Productivity, greed and the long term health of IT

To start with heres a few good links

http://www.iht.com/articles/2005/06/12/bloomberg/sxmuk.php
http://www.thehindubusinessline.com/ew/2006/08/21/stories/2006082100170300.htm

Though its toughie to measur the Indian IT industry's ouput, various sites point to numbers between $23k to $32k p.a. How the 'revenue' generated by the engineering and support arms of MNCs is included is a grey area - if its just the budget allocation for the headcount, that would skew the numbers terribly. The Oracles, IBMs and Microsofts of the world make a lot of money per employee, and that needs factoring in somehow.

In any case, in this backdrop, the auto industry has been seeing massive growth in productivity. A friend quoted a number of 30+ lakhs - thats about $55k per person - I have not been able to substantiate that, but have found papers refer to 40% growth in productivity bet 1993-2003, and some which state a figure of 13Lakhs or so - about $25k.
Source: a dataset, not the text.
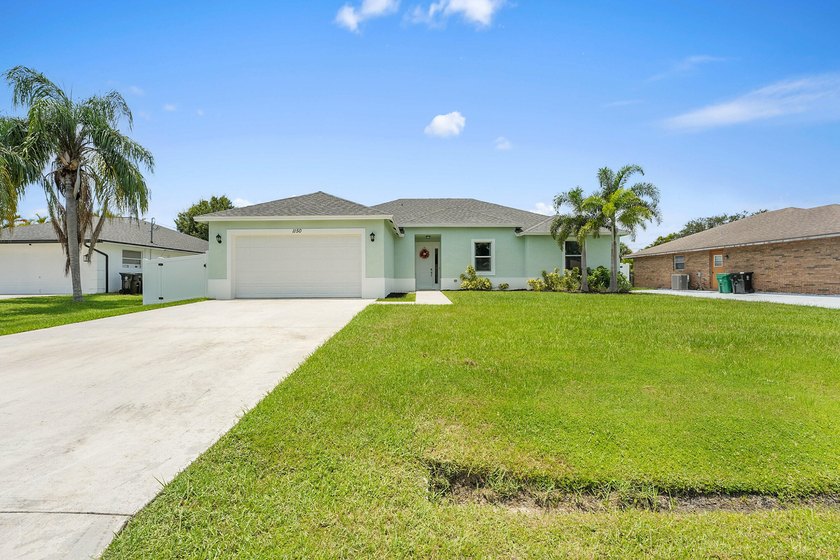 Welcome to 1150 SE Sabina Lane! This stunning 4-bedroom, 2 - Beach Home for sale in Port Saint Lucie, Florida on Beachhouse.com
This used to be a very labour intensive industry till recently.

Of course, the big story underlying the data is the wage difference between the two! IT almost exists in a different economy, and has created an economic island around it wherever it exists - driving up cost of real estate, services and everything else. This is turn has created a constant demand for the 20%+ raises year after year, and earlier-unimaginable starter salaries.

Sooner than later, we'll get to a place where we're so out of whack with reality we'll need to consider some questions.
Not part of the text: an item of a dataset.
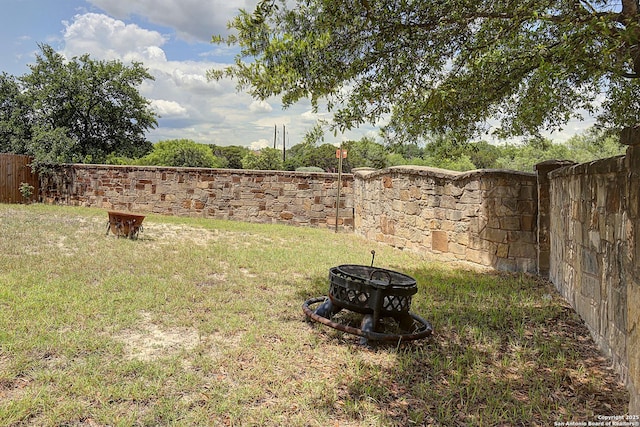 6139 Diego Ln, San Antonio, TX 78253 - view of yard featuring an outdoor fire pit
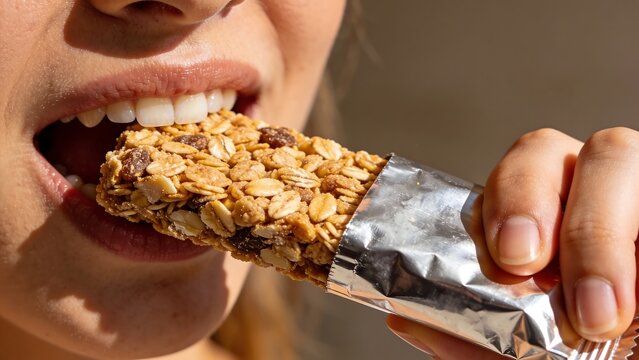 Health-conscious professional eating granola bar snack during busy workday in office setting with clean background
  • How soon must salary growth get in synch with the rest of the economy
  • How do we see a multiplier effect in productivity, so brand India does not seem overpriced
    • tech upgrades
    • The industry grew up in Univs not too long ago - and 35% of the work never gets 'done', and a lot more never sees the market. Its got to start working more like the auto or consumer goods sector and working back from costs and market needs.
    • Build services, organizatiions around standards (and get involved in supporting/promoting them) and longer running "basics" - OSs, protocols will help. Too many, frequent upgrades, a multitude of standards can only slow things down, and create more learning curve issues.
    • Stop focusing on 'time' as a productivity enhancement tool.
    • Better time-management skills and tools.
    • Transparency, collaboration and wikis.
    • Some good knowledge management tools.
    • Industry needs to poke its nose into education wayyyy more - projects, seats of learning, sourceforge.net initiatives, curriculum.
    • Its possible to over-processify
      • Agile methodologies - in spirit, not letter (actually XP etc cannot be 'followed' - goes against their idea)
      • Measure the value of each step, and judge if its become 'bureaucracy' ?
  • Cater to the domestic market - and stop existing in the 'dollar' world. Or, work back from costs and price/develop for what a long term, sustainable market will happily support. Develop pricing models for the domestic market - its a very different one, and a much larger challenge. Once arbitrage opportunities end or migrate away, the base of the pyramid will have to be the domestic market, with highend tech work bringing in the high-margin revenue. A robust local market will also help push branding/products, but pricing vs value wise its a chicken and egg issue that the industry must take the first crack at.
  • Crazy - but for two years the hikes of all 3+ years experienced people get used for a managed upgrade of tech institutions and education.
  • Help smaller tech entrepreneurship for experimenting with region, niche specific products etc. Why do we have to ape the 'large tech product co' model ? India traditionally has been a very fragmented market, with customers keeping costs low and keeping monopolisitc situations from happening inherently (not counting the legislated monopolies).
  • Evolve new work models to use combined experience of individuals. A lot many people have made it financially, and are not willing to give all their time to work, which seems to have become the norm. Some of these would not mind taking either part time lowered effort roles, or even combining forces with someone with complementary skills to fill in a job! HR needs to innovate beyond team building, and management styles even more so.
  • There's been a lot of lip service to this - but team accountability needs to be way more important than individual responsibility (not replace it, but be the decider).
    • As a corollary, the hiring of 'clones' i.e. multiple of the 'stated' ideal person will reduce - cause the best teams always have a mix of complementary skills.
  • Telecommute when/where possible. The number of hours saved alone will improve output if used
Updated:

As one of my friends pointed out over email discussing this post, the whole using the raises to better institutes idea is too far fetched and 'socialist' - I take that back.

And, on the other hand, http://www.rediff.com/money/2006/sep/07jobs.htm.
One crore IT jobs! Wow. I don't know what that number is based on, but its staggering.